DESCRIPTION OF THE TASK »
Omit all images, then repeat exactly the lines below from the one containing "Vintage Paste Diamanté" through the one containing "woman hand pressing", both ends included.

STUDY MATERIAL »
· · ·

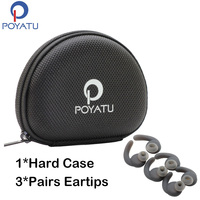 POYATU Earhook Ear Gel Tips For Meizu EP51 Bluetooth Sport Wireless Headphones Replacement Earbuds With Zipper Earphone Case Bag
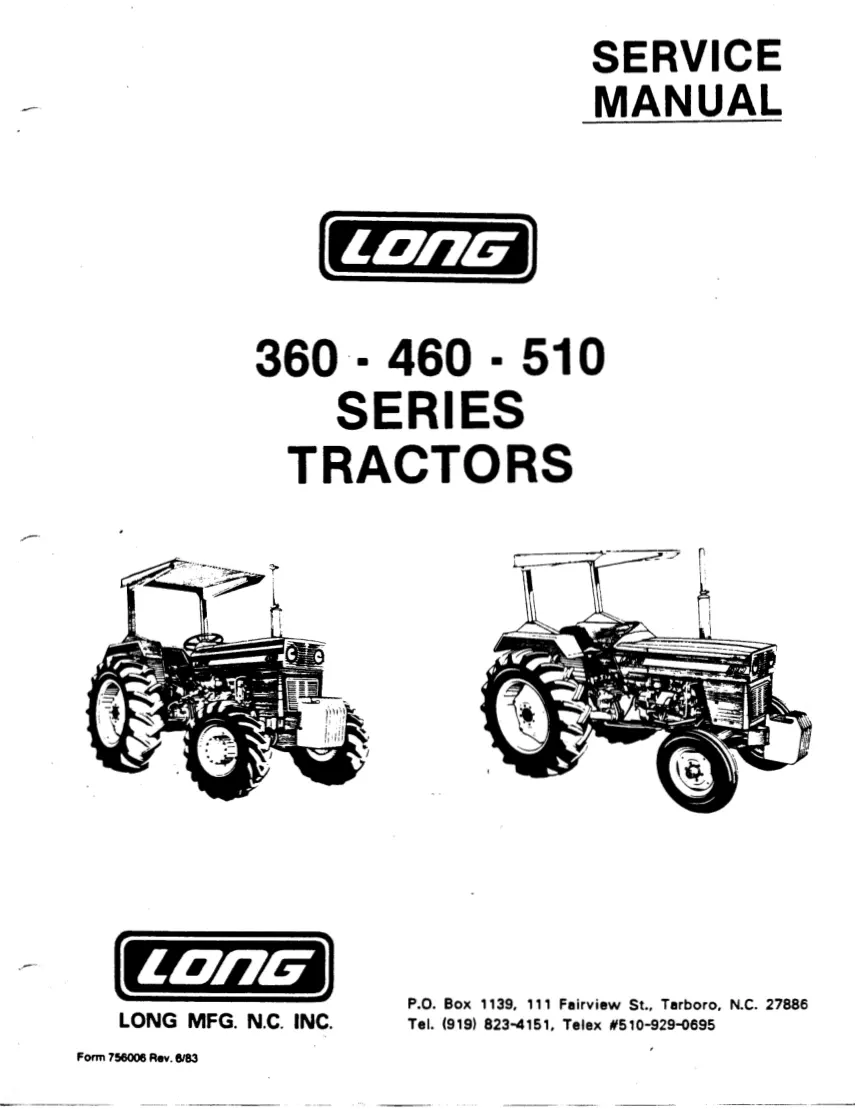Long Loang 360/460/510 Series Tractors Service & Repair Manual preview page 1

· · ·

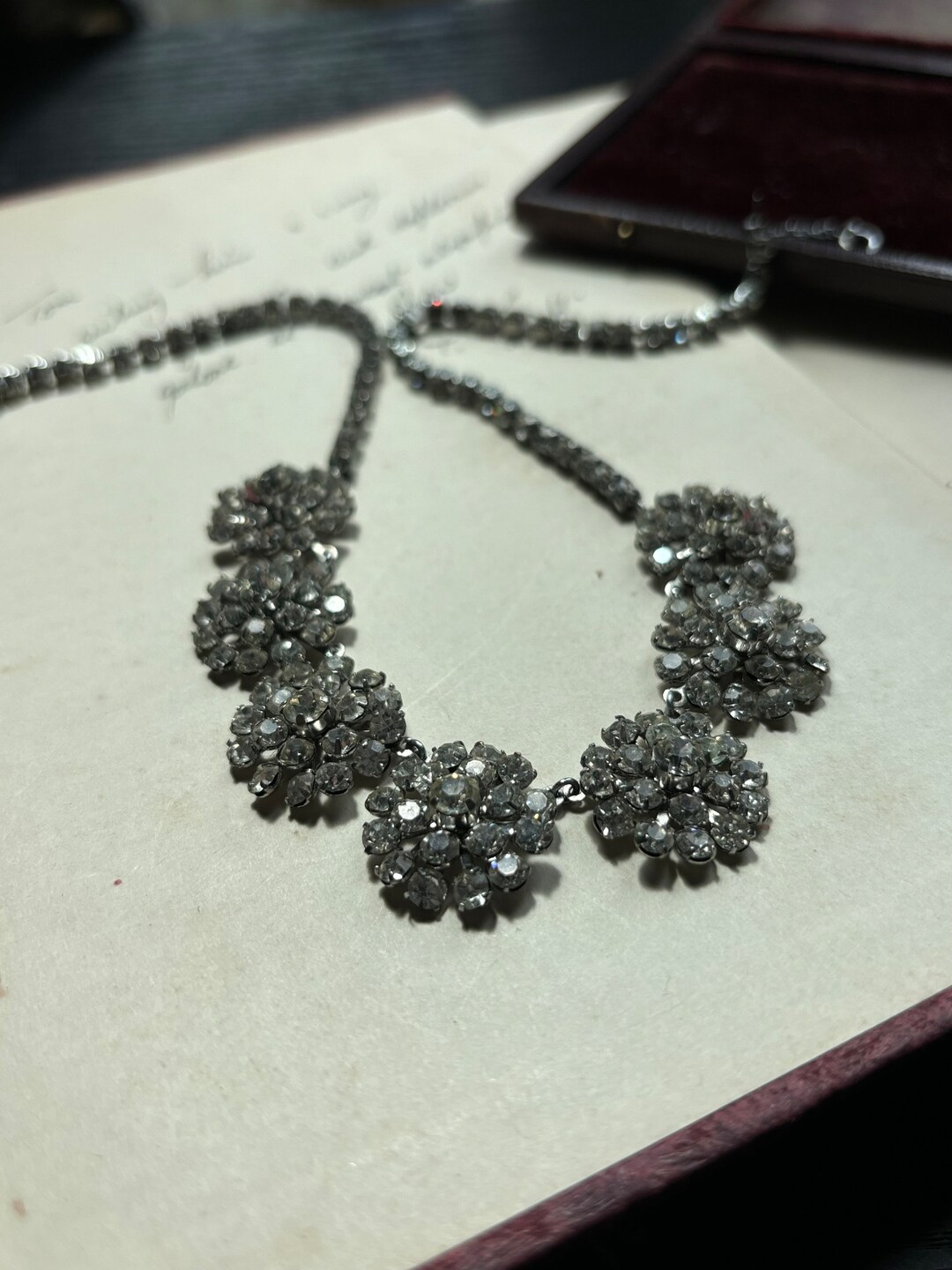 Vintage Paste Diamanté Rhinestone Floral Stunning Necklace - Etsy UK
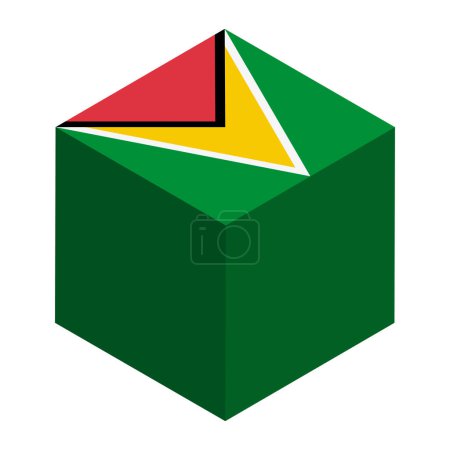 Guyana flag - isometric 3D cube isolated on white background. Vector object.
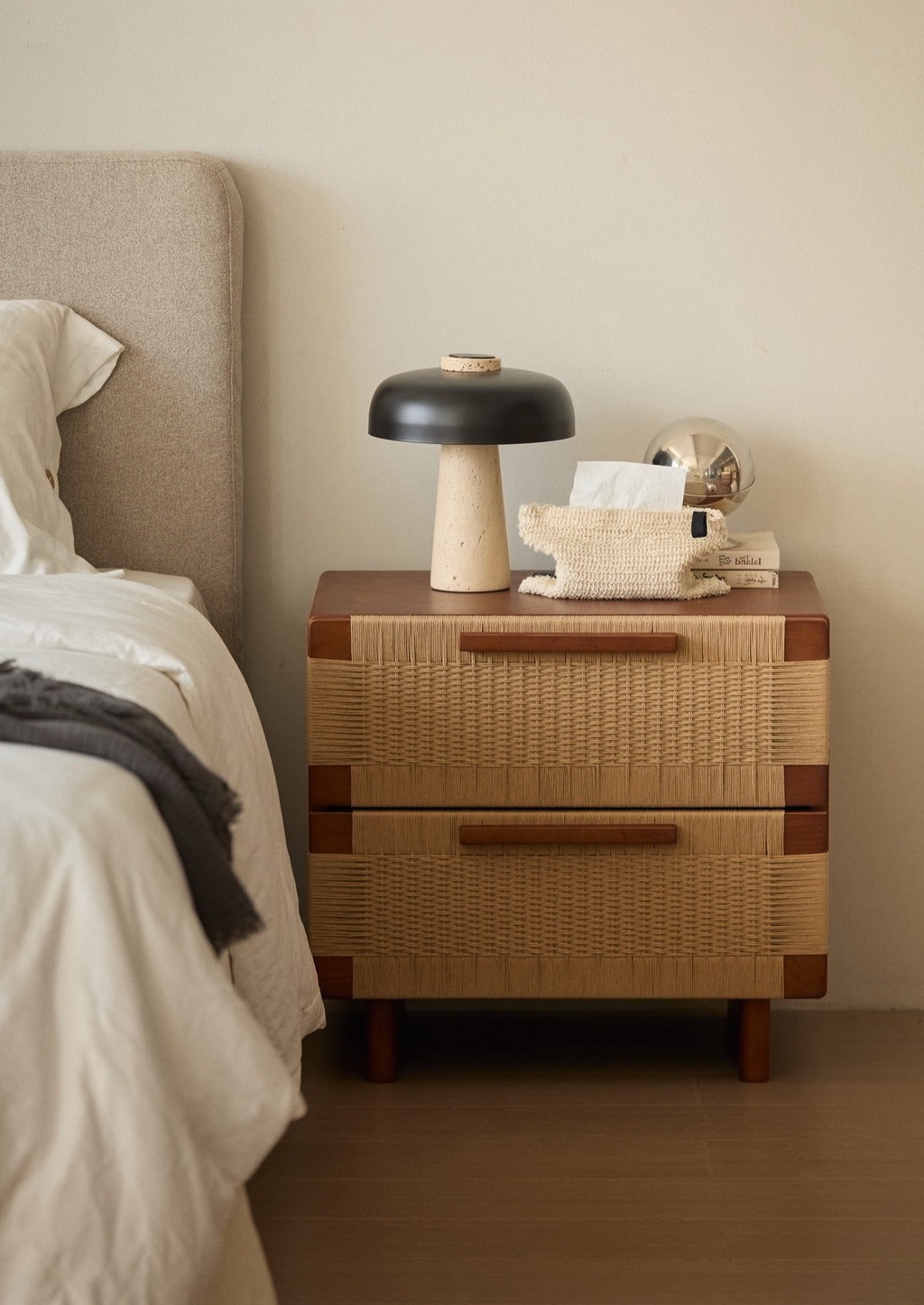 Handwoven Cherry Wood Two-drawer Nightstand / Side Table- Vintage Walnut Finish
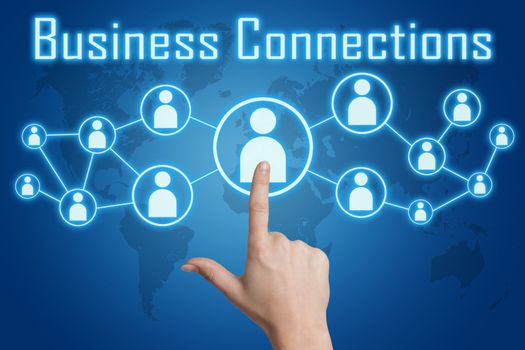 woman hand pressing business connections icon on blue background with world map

· · ·

WRITTEN RESPONSE »
 Vintage Paste Diamanté Rhinestone Floral Stunning Necklace - Etsy UK
 Guyana flag - isometric 3D cube isolated on white background. Vector object.
 Handwoven Cherry Wood Two-drawer Nightstand / Side Table- Vintage Walnut Finish
 woman hand pressing business connections icon on blue background with world map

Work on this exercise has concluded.